* ENTRIES SUPPLIED:
========================================================================

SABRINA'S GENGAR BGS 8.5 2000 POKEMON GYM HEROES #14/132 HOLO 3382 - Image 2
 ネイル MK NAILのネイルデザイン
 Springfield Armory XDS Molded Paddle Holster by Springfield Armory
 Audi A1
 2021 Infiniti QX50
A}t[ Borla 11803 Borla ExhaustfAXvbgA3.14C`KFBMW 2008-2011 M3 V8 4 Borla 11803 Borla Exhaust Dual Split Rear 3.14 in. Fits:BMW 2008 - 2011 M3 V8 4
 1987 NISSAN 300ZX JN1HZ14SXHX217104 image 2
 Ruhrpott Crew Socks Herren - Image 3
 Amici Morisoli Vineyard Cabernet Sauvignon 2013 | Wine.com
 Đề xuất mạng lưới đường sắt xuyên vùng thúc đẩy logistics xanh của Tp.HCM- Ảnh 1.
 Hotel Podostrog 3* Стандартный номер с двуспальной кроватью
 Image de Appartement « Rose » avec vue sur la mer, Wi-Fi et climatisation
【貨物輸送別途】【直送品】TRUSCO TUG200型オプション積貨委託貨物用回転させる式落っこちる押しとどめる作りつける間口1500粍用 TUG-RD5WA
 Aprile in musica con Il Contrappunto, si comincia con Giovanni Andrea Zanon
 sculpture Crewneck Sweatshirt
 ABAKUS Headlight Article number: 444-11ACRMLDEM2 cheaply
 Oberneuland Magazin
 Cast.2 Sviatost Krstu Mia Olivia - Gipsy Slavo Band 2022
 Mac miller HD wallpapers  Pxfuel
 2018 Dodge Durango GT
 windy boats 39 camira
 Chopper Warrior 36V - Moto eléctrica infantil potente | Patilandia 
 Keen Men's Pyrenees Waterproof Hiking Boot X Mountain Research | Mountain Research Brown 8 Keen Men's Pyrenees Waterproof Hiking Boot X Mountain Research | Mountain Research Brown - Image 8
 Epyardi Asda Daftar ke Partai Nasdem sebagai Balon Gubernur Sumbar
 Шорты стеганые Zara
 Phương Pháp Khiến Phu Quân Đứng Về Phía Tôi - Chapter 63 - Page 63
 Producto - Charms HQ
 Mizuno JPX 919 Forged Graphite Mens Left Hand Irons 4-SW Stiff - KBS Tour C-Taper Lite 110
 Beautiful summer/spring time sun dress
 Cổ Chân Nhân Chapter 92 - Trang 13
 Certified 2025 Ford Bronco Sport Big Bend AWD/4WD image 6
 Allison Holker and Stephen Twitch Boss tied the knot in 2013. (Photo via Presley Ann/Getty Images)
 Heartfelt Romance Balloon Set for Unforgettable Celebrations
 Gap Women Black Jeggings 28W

========================================================================

* WHAT THE TASK ASKS:
Please reproduce, exactly as they appear above, the lines from the line containing "Springfield Armory XDS" up to and including the line containing "- 2011 M3 V8 4".

* YOUR RESPONSE:
 Springfield Armory XDS Molded Paddle Holster by Springfield Armory
 Audi A1
 2021 Infiniti QX50
A}t[ Borla 11803 Borla ExhaustfAXvbgA3.14C`KFBMW 2008-2011 M3 V8 4 Borla 11803 Borla Exhaust Dual Split Rear 3.14 in. Fits:BMW 2008 - 2011 M3 V8 4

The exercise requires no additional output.